Examples of how to transform a random variable with a distribution not Gaussian to a random variable with Gaussian distribution

725 Views Asked by At

My doubt is if there exists a method to transform a random variable with not Gaussian distribution in other with a Gaussian distribution.

I only found a random variable with Birhaum Saunders distribution that I can transform in Gaussian.

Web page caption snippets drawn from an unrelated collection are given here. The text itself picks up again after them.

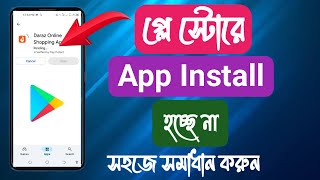 প্লে স্টোরের অ্যাপ ডাউনলোড হয় না Google Play Store App Pending [upl. by Zitvaa]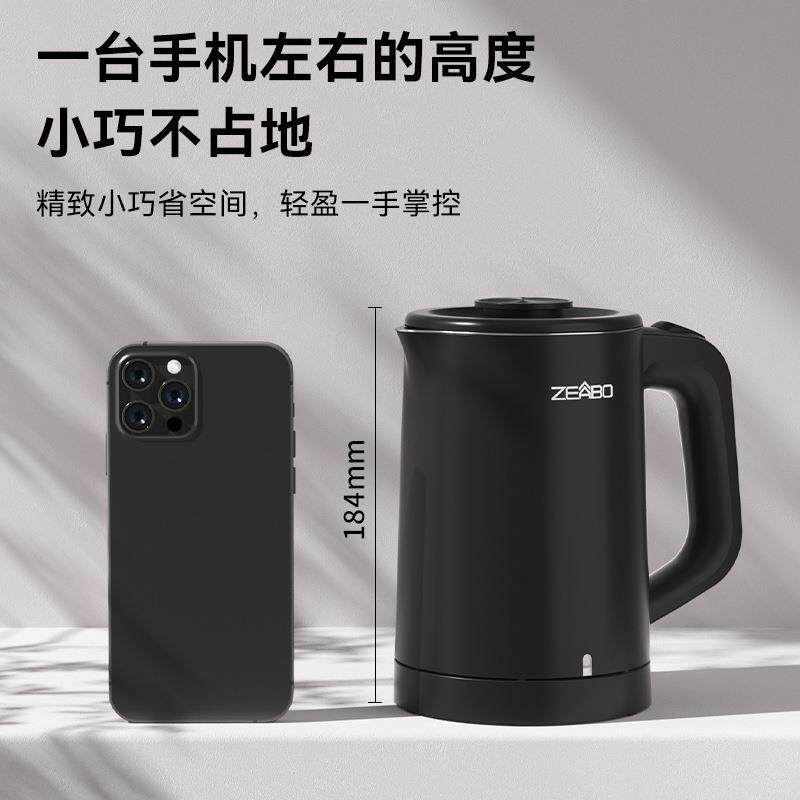 ZEABO智博0.6L酒店烧水壶小型不占地迷你电水壶小巧便携304不锈钢
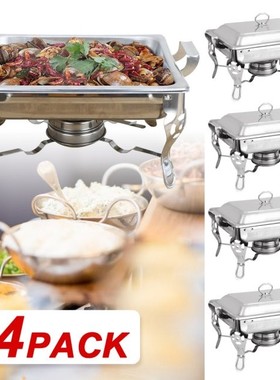 Catering Buffet Set Food Chafing Dishes 5L Stainless Steel C
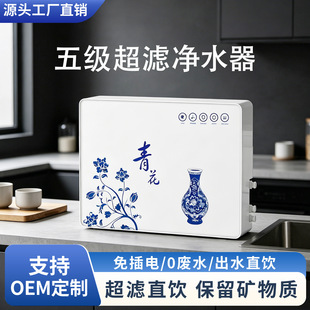 �弉���V�C��ˮ�����ÏN���ԁ�ˮ����ɳ�^�V����ˮ�C�YƷ�S�����l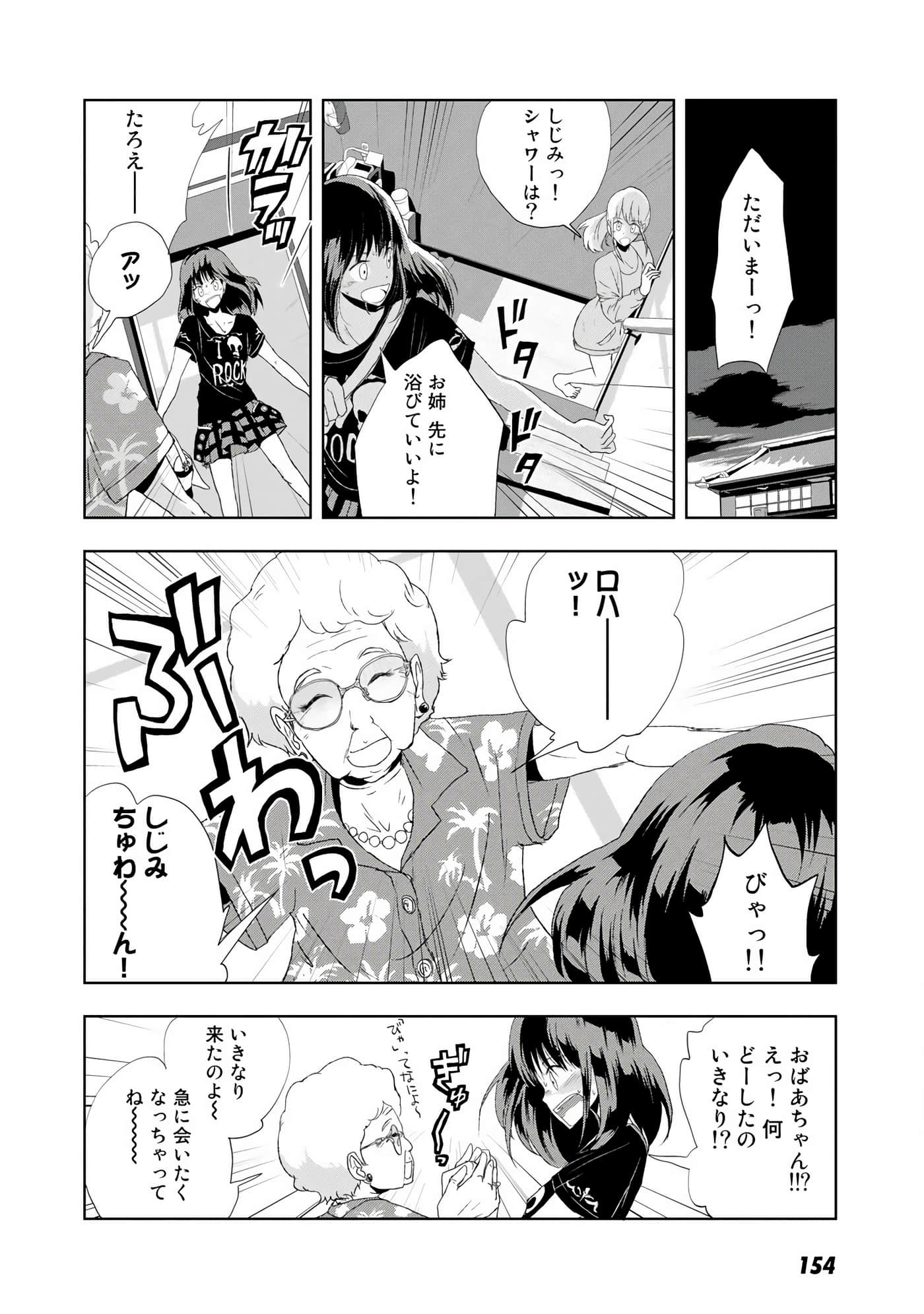Page 155
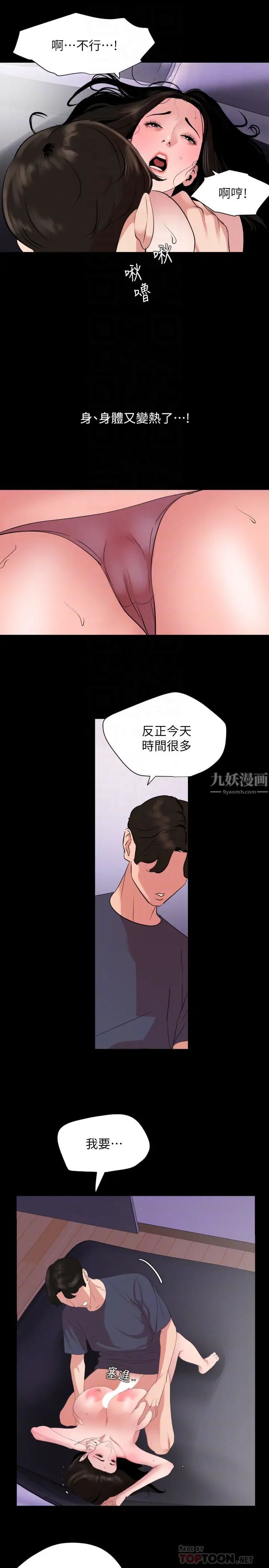 第34話 - 其實妳也很期待吧?12.jpg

I would like to obtain other examples.

2

There are 2 best solutions below

1
On BEST ANSWER

If you have a continuous random variable $X$ with distribution function $F_X(X)$, that you know what it is, then the random variable

$$Y=\sigma \Phi^{-1}[F_X(X)] + \mu \sim N(\mu,\sigma^2)$$

where $\Phi()^{-1}$ is the inverse standard Normal distribution function.

Since this is the standard way of generating draws from a Normal Distribution (since $F_X(X)\sim U(0,1)$), I wonder whether this is what you are really asking here.

0
On

Add 12 Uniforms. Demonstration in R:

Let $X_1, X_2, \dots, X_{12}$ be independently $\mathsf{Unif}(0,1),$ and let $Z = \sum_{i=1}^{12} X_i - 6.$ Then $Z \stackrel{aprx}{\sim}\mathsf{Norm}(0,1).$ Each $X_i$ has $E(X_i) = 1/2, Var(X_i) = 1/12,$ so $E(Z) = 0$ and $Var(Z) = 1.$ By the Central Limit Theorem, $Z$ is very nearly normal. The main flaw is that the method never produces $|Z|>6.$

In the demonstration below $m = 1000$ standard normal observations produced by this method pass a Shapiro-Wilk normality test and their histogram seems a close match to the standard normal density function.

set.seed(821);  m = 1000
z = replicate(m,  sum(runif(12))-6)
shapiro.test(z)

    Shapiro-Wilk normality test

data:  z
W = 0.99817, p-value = 0.3615   # P-value > .05, so no evidence of non-normality

hist(z, prob=T, col="skyblue2")
  curve(dnorm(x), -5, 5, add=T)

enter image description here

Box-Muller: Let $X_1, X_2$ be independently $\mathsf{Unif}(0,1).$ Then $$Z_1 = \sqrt{-2\log(X_1)}\cos(2\pi X_2)\;\;\text{and}\;\; Z_2 = \sqrt{-2\log(X_1)}\sin(2\pi X_2)$$ are independently $\mathsf{Norm}(0,1).$

Theoretically, the $Z_i$ are exactly standard normal. This method is discussed at length in Wikipedia.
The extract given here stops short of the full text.